▶ _About this task_
What is needed is an exact copy of the lines from the one containing "苦等5年終通高鐵！這座比成都還巴適的酒城，為了吃也要去一趟" through the last line of the records below, with no pictures.

= Beginning of Section =

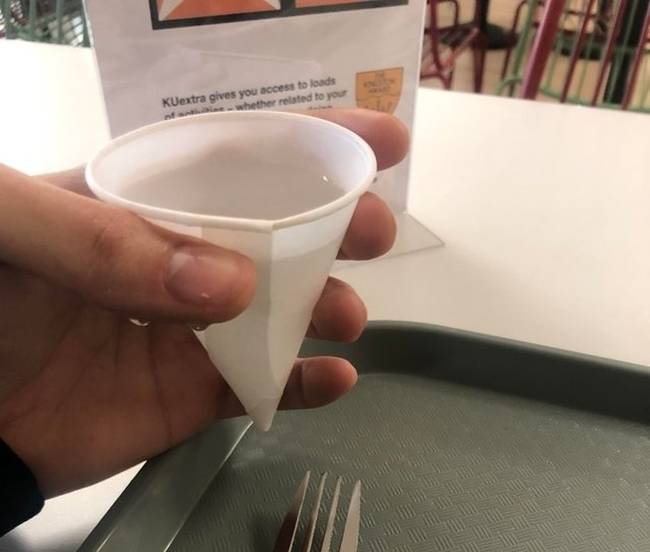 „Az iskolánk menzáján ilyen kúpokra cserélték a műanyag poharakat, így most fognunk kell az üdítőnket ebéd közben."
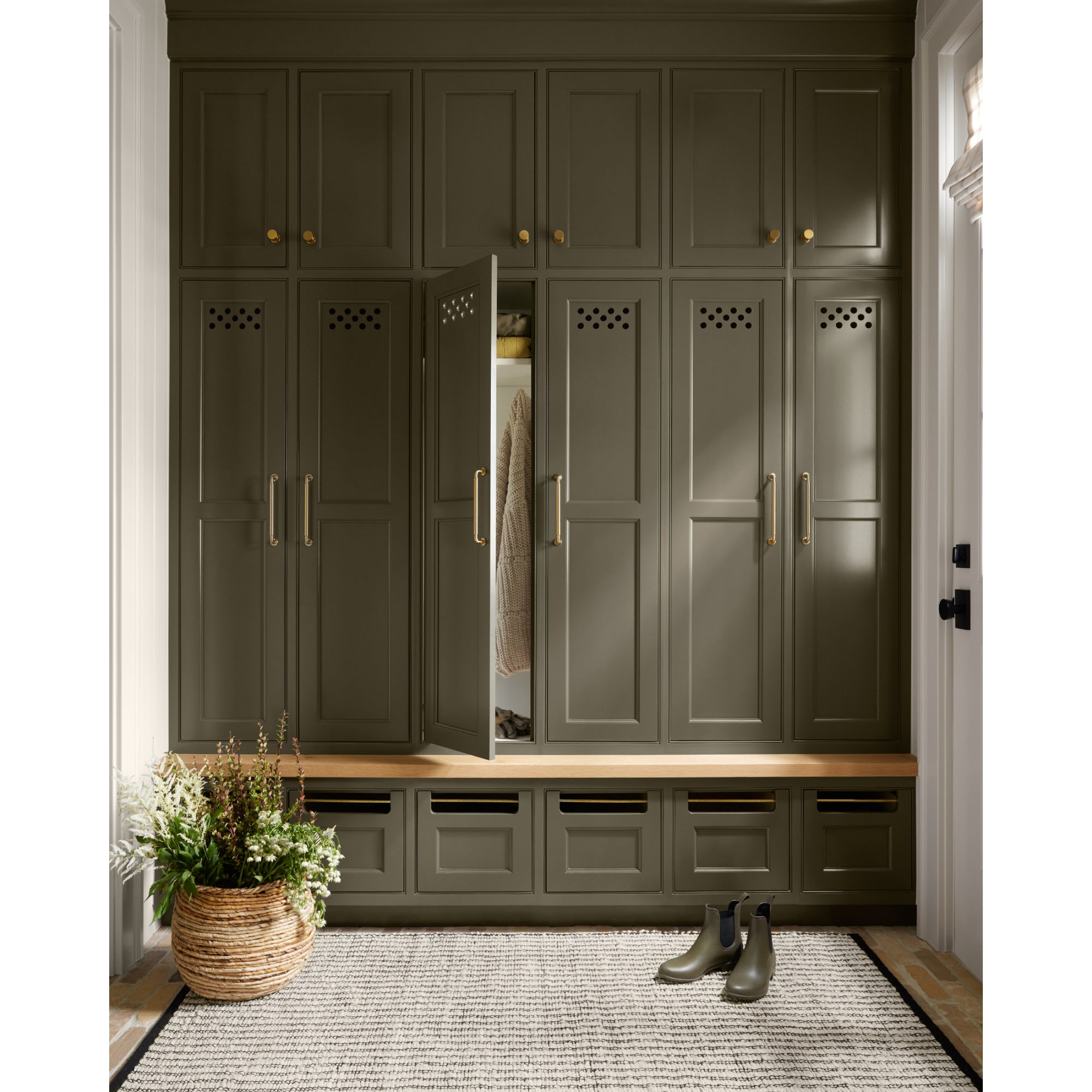 Angela Rose x Loloi Colton Ivory/Black Rug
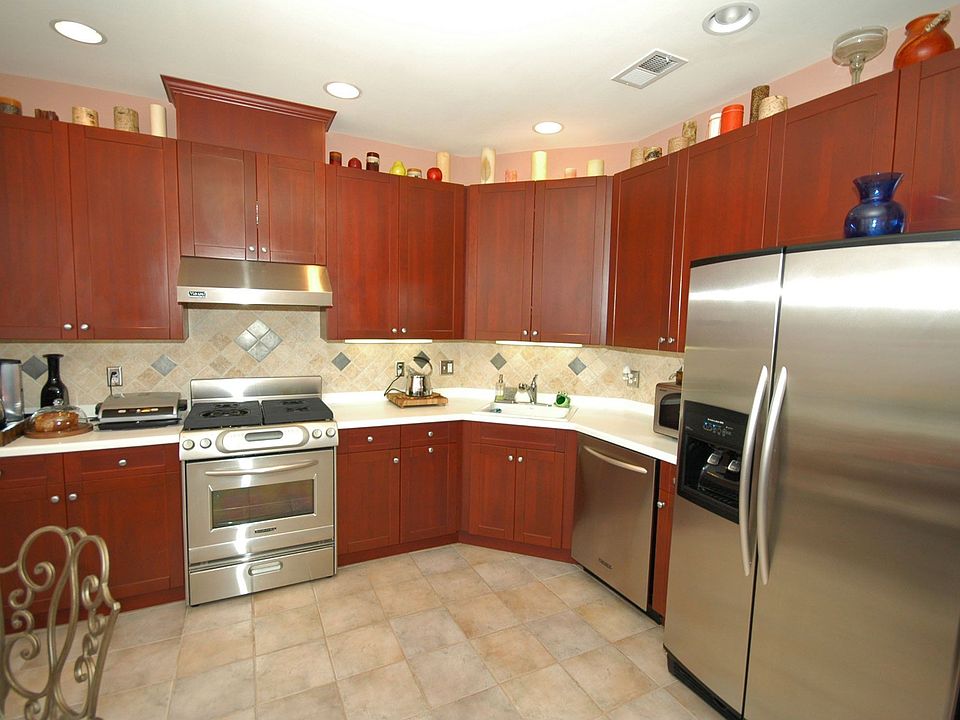 GORGEOUS GOURMET KITCHEN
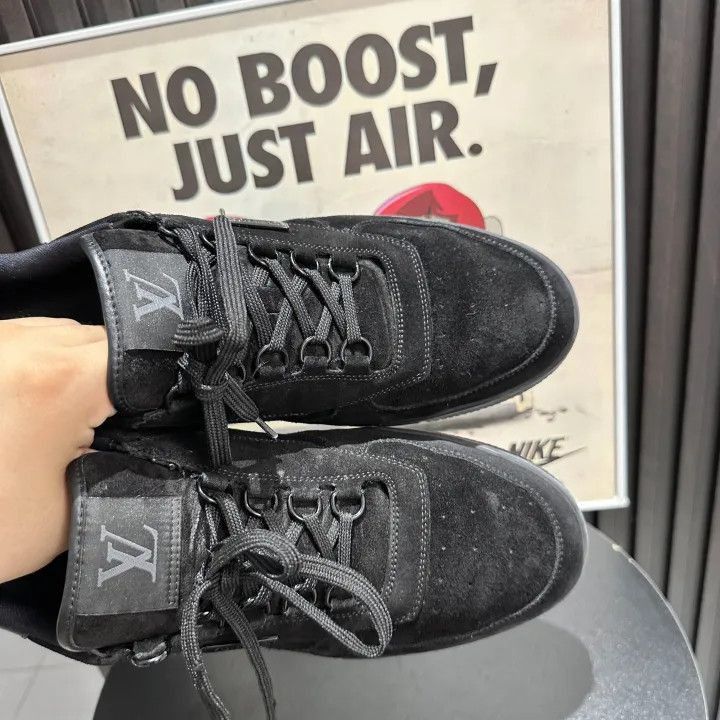 Louis Vuitton Louis Vuitton Trainer Black Suede Sneakers -2508 Size US 9.5 / EU 42-43 - 7 Thumbnail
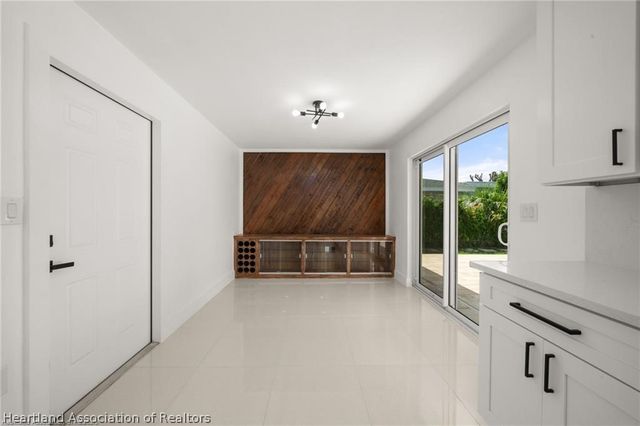 107 Lakefront Lane NW, Lake Placid, FL 33852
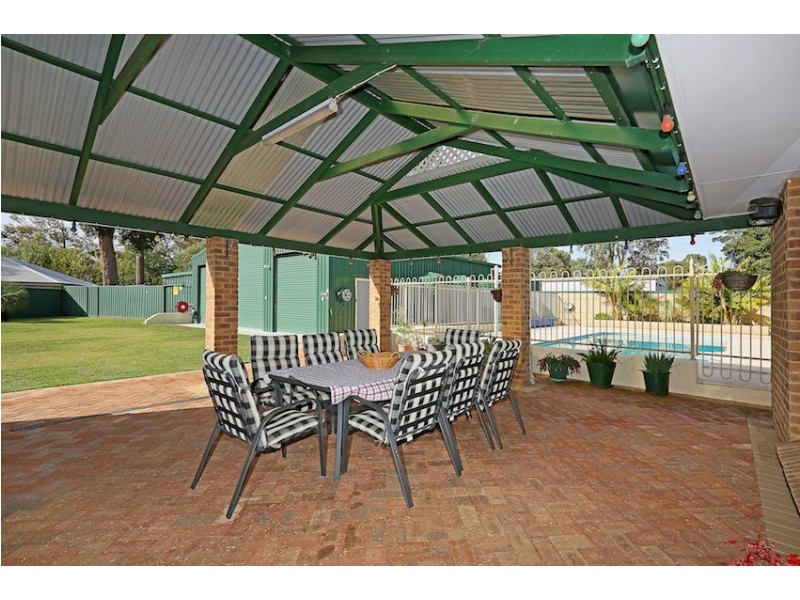 6 Carrick Cross, Greenfields WA 6210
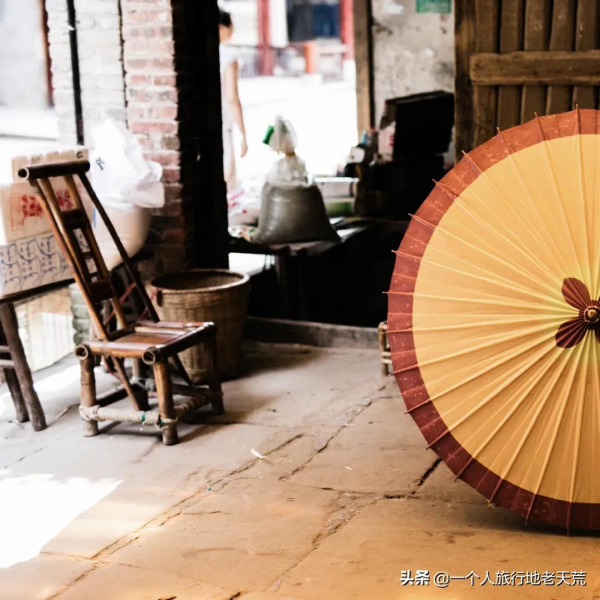 苦等5年終通高鐵！這座比成都還巴適的酒城，為了吃也要去一趟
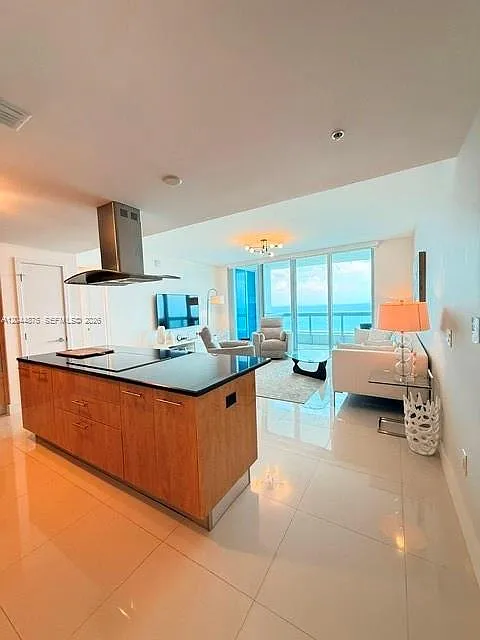 2 bed, 1565 sqft, $11,500 — Photo 3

= End of Section =

▶ _The completed task_
 苦等5年終通高鐵！這座比成都還巴適的酒城，為了吃也要去一趟
 2 bed, 1565 sqft, $11,500 — Photo 3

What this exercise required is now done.